| EXERCISE BRIEF |
A faithful copy is needed of the lines below from the one with "Now that we" up to and including the one with "Ka'me'at — 'as"; set it down with no pictures and no other lines.

[SOURCE INFORMATION — start]

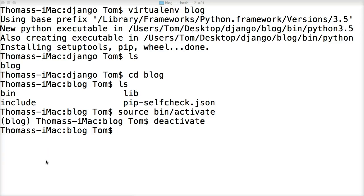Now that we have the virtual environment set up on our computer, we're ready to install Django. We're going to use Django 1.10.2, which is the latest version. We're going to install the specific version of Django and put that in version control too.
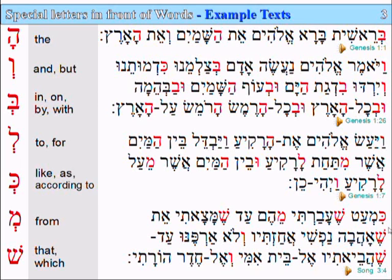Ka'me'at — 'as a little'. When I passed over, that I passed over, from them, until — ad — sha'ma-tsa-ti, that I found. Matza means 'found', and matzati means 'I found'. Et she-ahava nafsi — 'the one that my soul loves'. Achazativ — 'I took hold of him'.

[SOURCE INFORMATION — finish]
[SOURCE INFORMATION — start]

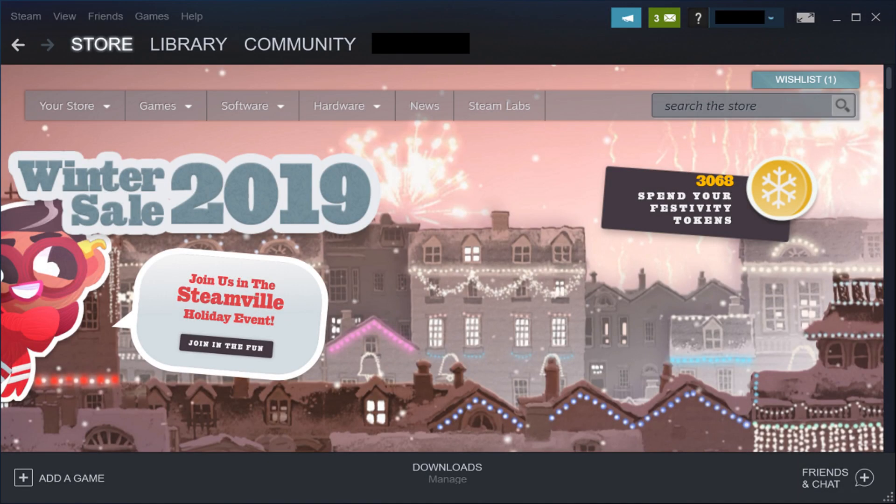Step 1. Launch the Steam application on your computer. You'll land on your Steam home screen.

[SOURCE INFORMATION — finish]

| WRITTEN RESPONSE |
Now that we have the virtual environment set up on our computer, we're ready to install Django. We're going to use Django 1.10.2, which is the latest version. We're going to install the specific version of Django and put that in version control too.
Ka'me'at — 'as a little'. When I passed over, that I passed over, from them, until — ad — sha'ma-tsa-ti, that I found. Matza means 'found', and matzati means 'I found'. Et she-ahava nafsi — 'the one that my soul loves'. Achazativ — 'I took hold of him'.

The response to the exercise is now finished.